Bournemouth Marathon was so good for me because I managed to keep my mind in check. It wasn’t easy, it took practice, but on the day the effort paid off in spades.
The trick to mental preparation is starting early, right at the beginning of your training cycle. When I’m planning my training I also like to take some time to think about why I’m running the race. What do I want to get out of it? Is there something I’d like to learn? Something I want to test? From the moment I signed up I had Bournemouth Marathon earmarked as a test ground for the work I’d been doing with my coach. It was planned as a milestone where I could assess my progress and identify what needed more work when it came to my relationship with running. I knew that my priorities would be to stick to my race plan, watch my form and test how it felt to run for a long time so that I could spot any weaknesses. When it comes to The Speed Project my objective is to be as mentally and physically strong as possible so that I can give as much as I can to my team. My priorities will be strength training, recovery and working through some of the fears I have around physiological pain. Once you work out the ‘why’ you can use this to mentally prepare for your marathon.
As I train I try to connect with my why during every workout. When it gets tough I draw on what I’m doing all this for. It helps focus me. It also lets me rehearse how I’ll deal with challenging moments during the marathon itself - coming back to my why, coming back to my breathing. There are so many ways to connect with your why - repeating mantras, practicing breathing protocols, physical cues - try out different techniques and find what works for you. During Bournemouth I repeated my mantras (‘I am unscared’, ‘I am an intelligent athlete’, ‘this is my race’) in my head, focused on nasal breathing and checked in on my form whenever things started to feel tough. Coming back to these little physical and mental prompts kept me focused and brought me in to the moment.

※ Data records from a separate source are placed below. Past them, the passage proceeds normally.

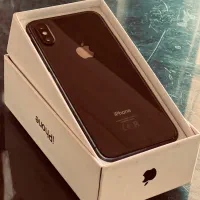 ایفون x 64 پلمپ در حد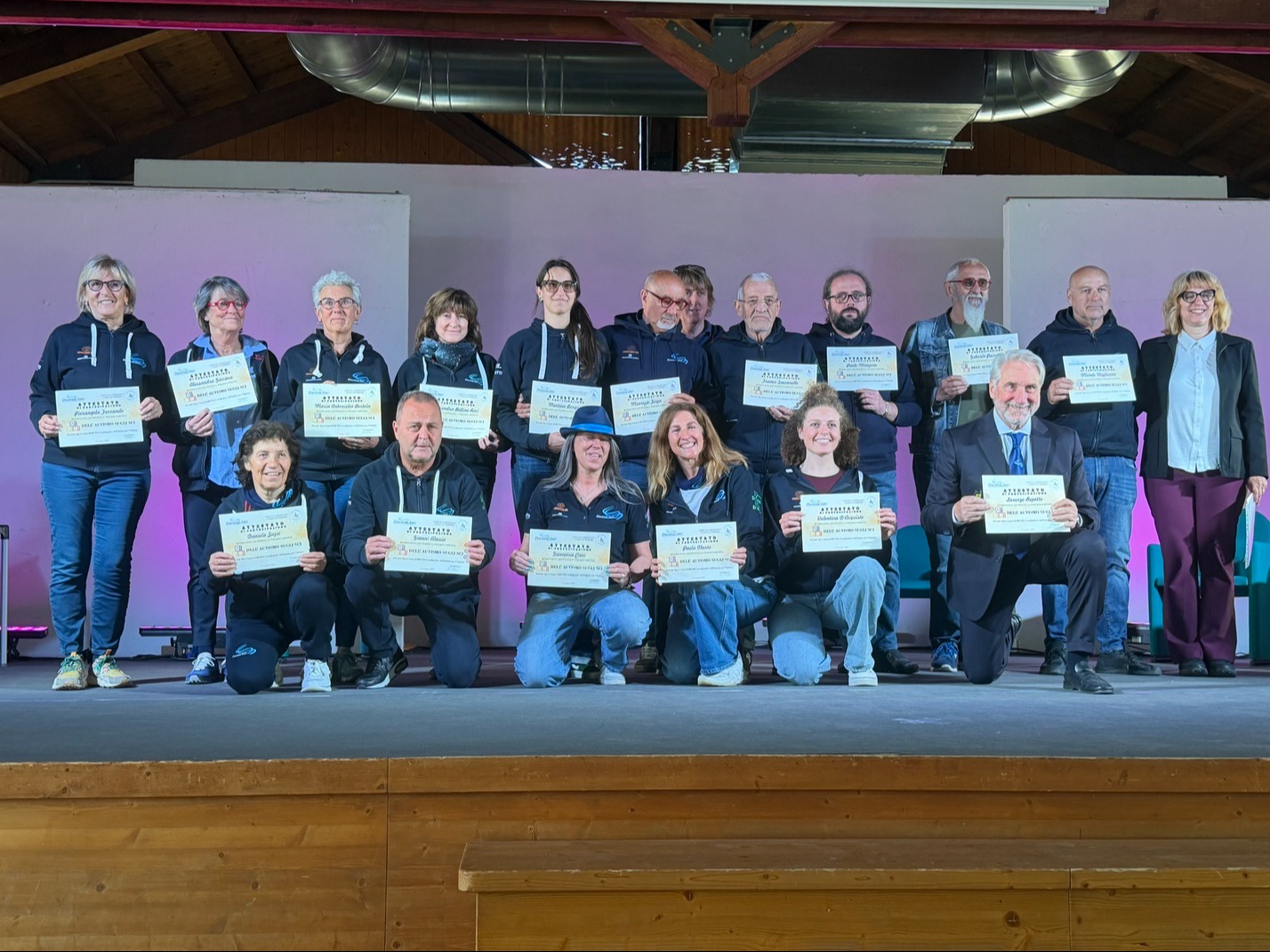 PROVINCIA GRANDA - Guide DisesaLIberi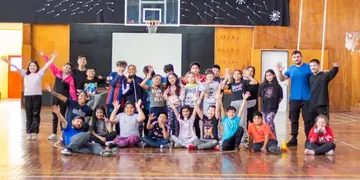 Tierra del Fuego ofrecerá actividades recreativas para niños en vacaciones de invierno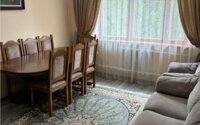 Продажа 3-комнатной квартиры, 71 м² в Алматы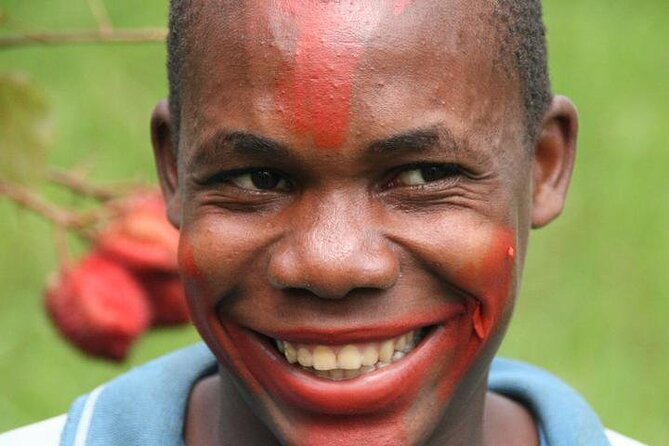 Full-Day Guided private Dolphins tour+ Monkeys + Stone town &spice Farm Zanzibar - Stone Town in three hours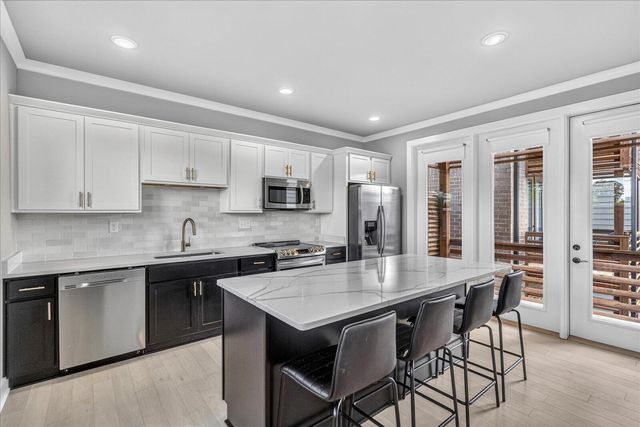 1589 Sinclair Avenue 5, Chattanooga, TN 37408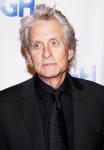 Michael Douglas Fights Tears as He Talks About Cancer Battle on TV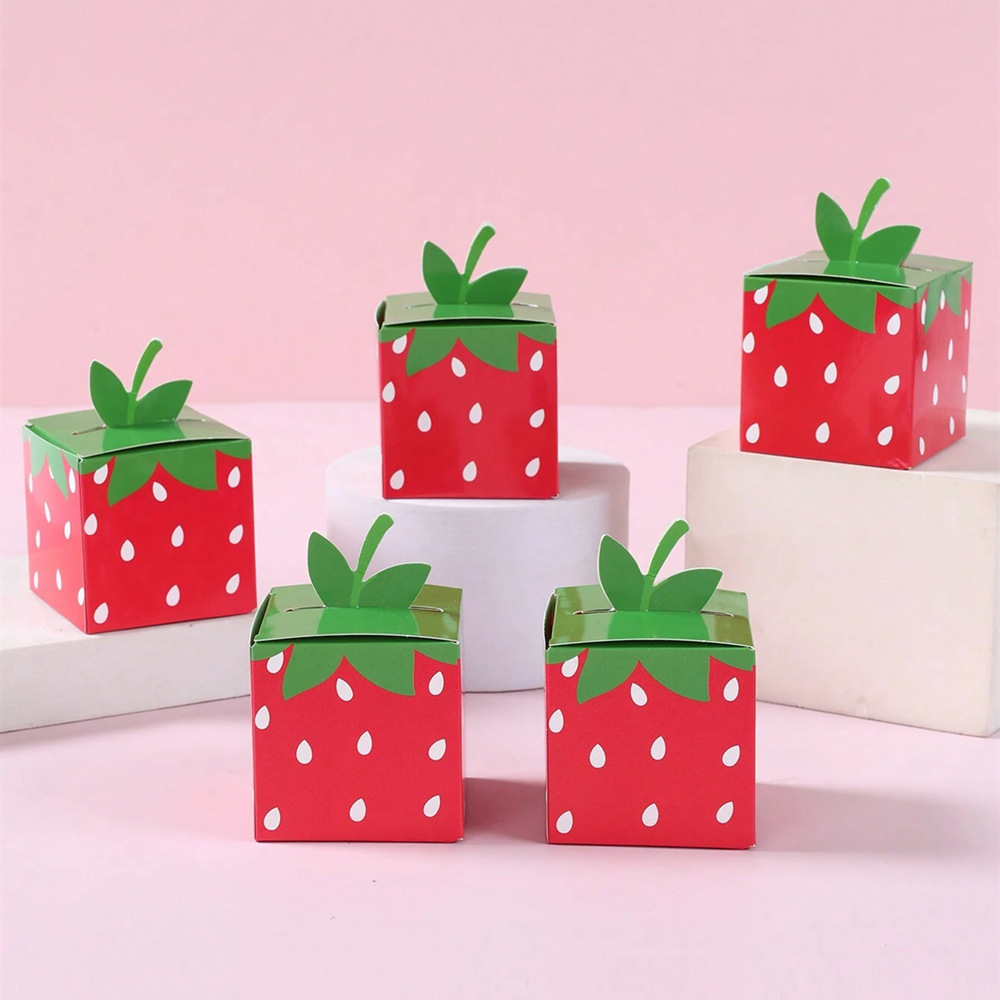 10Pcs Sweet Fruit Strawberry T - Baby Food Fruits のレビューと価格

Getting real about the challenge I’m taking on has really helped me prepare. The week before Bournemouth I wrote a list of everything that could go wrong. Injury, blisters, broken headphones, sickness, a dodgy tummy, it was all covered. Then I went through and wrote down how I’d deal with each scenario, and then how I could mitigate each scenario. This exercise reminded me to respect the distance and quelled any anxieties I had about the unknown. It reassured me that if things didn’t go to plan (as often happens during a marathon) I could adapt, I had a plan B.
Talking of plans, planning my race strategy was a big part of my mental preparation for Bournemouth. There was no point in that marathon where I was without a plan. I wrote it all down in detail, visualising each mile and then visualising my reaction to challenges, to things going wrong. I visualised the barriers, the noises around me, the things that could distract me from my plan, visualising how I’d deal with the wall, with pain, with feeling like I wanted to stop. These visualisation became part of my routine. Sitting on the tube, sitting in bed, I’d take the time to get comfortable with everything that could happen, so when it did I was ready and it wouldn’t undo all the work I’d done to get to the marathon. By marathon day everything I needed to do, in every scenario, was second nature.
I’m right at the start of my journey to The Speed Project, and although I’ve worked out the ‘why’ behind my training I still need to work out exactly how I’m going to prepare mentally to train for and live through 3 days running in the desert. It’s like nothing I’ve ever done before, but I know some of these tools will make it on to the roster.
How do you mentally prepare for races?